Churchill and Ireland

Churchill and Ireland

Churchill and Ireland

Synopsis

Winston Churchill spent his early childhood in Ireland, had close Irish relatives, and was himself much involved in Irish political issues for a large part of his career. He took Ireland very seriously - and not only because of its significance in the Anglo-American relationship. Churchill, infact, probably took Ireland more seriously than Ireland took Churchill. Yet, in the fifty years since Churchill's death, there has not been a single major book on his relationship to Ireland. It is the most neglected part of his legacy on both sides of the Irish Sea. Distinguished historian of Ireland Paul Bew now at long last puts this right. Churchill and Ireland tells the full story of Churchill's lifelong engagement with Ireland and the Irish, from his early years as a child in Dublin, through his central role in the Home Rule crisis of 1912-14 and in the war leading up to the Anglo-Irish Treaty of 1922, to his bitter disappointment at Irish neutrality in the Second World War and gradual rapprochement with his old enemy Eamon de Valera towards the end of his life. As this long overdue book reminds us, Churchill learnt his earliest rudimentary political lessons in Ireland. It was the first piece in the Churchill jigsaw and, in some respects, the last.

Excerpt

On 3 December 1925 Winston Churchill told the parliament of the United Kingdom: ‘The Irish question will only be settled when the human question is settled.’ Winston Churchill took Ireland seriously: if anything, his engagement with Ireland was more serious than Ireland’s engagement with him. Twice in his career, in Manchester in 1908 and Dundee in 1922, Churchill painfully lost his parliamentary seat. On both occasions, despite enjoying the support of the official Irish nationalist leadership, Churchill was deserted by the majority of the significant Irish vote in the constituency. His embrace, first of home rule, then of the Irish Free State, did him little good.

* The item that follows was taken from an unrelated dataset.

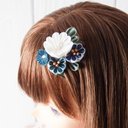 ヘアコーム（白い花の宴）　1/3ドール用　つまみ細工の髪飾り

Ulster Unionists loathed him during the home rule crisis of 1912–14, and some also loathed his role in the negotiation of the Anglo-Irish Treaty in 1921. Mainstream Irish nationalism has tended to regard him as an imperialist John Bull figure—unsympathetic to and ill-informed about Ireland. Even the most subtle and nuanced of Irish writers treat his interventions and attempted interventions in Irish affairs— especially in the context of his dislike for Irish neutrality during the Second World War—with some coolness. The one rather dramatic exception to this general rule was Garret FitzGerald, Irish prime minister, who declared on Irish television that Churchill was a personal hero. More typical was the contestant on the popular Irish radio quiz show Question Time, broadcast from Belfast in August 1942, who replied—to gales of approving laughter—when asked the name of the world’s most famous teller of fairy stories, not Hans Christian Andersen, but Winston Churchill.